16 November 2005
ENGLAND ’S Queen Victoria was in her teens.
Australia was just a penal colony.
Electric light had not been discovered.
The city of Perth in Western Australia had just been founded.
That was in 1830 and that was the year that the tortoise Harriet was born. And she has seen a lot of changes in her time. While the pace of life has sped up over the years, Harriet has continued to take every day in her typical slow way. Perhaps the secret to her longevity?
Harriet is a grand old lady, celebrating her 175 th birthday this year. The giant land tortoise from the Galapagos Islands, whose current home is Australia Zoo, is reputedly the oldest living creature on earth.
(It should be mentioned here that this wonderful creature was known as Harry right up until 1960 when an inspection revealed that the old man was actually an old woman and her name changed accordingly.)
Charles Darwin found Harriet in 1835 when he sailed to the Galapagos Islands. She was only as big as a dinner plate so Darwin packed her in a wooden box and they set sail back to England.
Harriet lived with Darwin until 1842 when, after five years of harsh English winters and a lack of sunshine reduced Harriet to a state of virtual hibernation, she journeyed back across the ocean to Brisbane.
A variety of homes provided new experiences for Harriet and she finally settled in the Brisbane Botanic Gardens in 1860. During her 98 years of residence at the Gardens, Harriet delighted children by giving them rides through the grounds. In 1958 Harriet moved to Fleay’s Fauna Reserve. Harriet’s last journey was in 1987, to her permanent home at Australia Zoo on the Sunshine Coast.

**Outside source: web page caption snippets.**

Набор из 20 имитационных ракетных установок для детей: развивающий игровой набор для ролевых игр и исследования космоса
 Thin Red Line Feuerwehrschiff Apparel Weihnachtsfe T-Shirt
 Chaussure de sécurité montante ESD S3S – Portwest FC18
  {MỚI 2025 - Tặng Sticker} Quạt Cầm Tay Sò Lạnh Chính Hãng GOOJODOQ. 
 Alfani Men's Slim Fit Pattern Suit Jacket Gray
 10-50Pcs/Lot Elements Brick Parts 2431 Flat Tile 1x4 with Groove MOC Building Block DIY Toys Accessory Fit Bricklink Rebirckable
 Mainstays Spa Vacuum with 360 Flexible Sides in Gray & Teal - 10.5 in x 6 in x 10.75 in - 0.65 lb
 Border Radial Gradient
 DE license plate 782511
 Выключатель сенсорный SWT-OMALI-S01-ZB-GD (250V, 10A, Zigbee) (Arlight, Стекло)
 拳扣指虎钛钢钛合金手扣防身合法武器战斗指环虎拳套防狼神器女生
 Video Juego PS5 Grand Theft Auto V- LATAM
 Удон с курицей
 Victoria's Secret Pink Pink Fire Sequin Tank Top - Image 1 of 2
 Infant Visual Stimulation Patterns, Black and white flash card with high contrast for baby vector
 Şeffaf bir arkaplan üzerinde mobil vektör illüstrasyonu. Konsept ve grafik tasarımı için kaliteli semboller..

Of her 175 years of ponderous existence on our planet, 163 years of Harriet’s life has been spent in Queensland. Acclaimed children’s author Robin Stewart has written the book Darwin’s Tortoise, which tells the remarkable story of Harriet the giant land tortoise. Australia Zoo celebrated Harriet’s birthday with a giant party and giant cake last week.
Happy birthday Harriet, and may there be many more to come.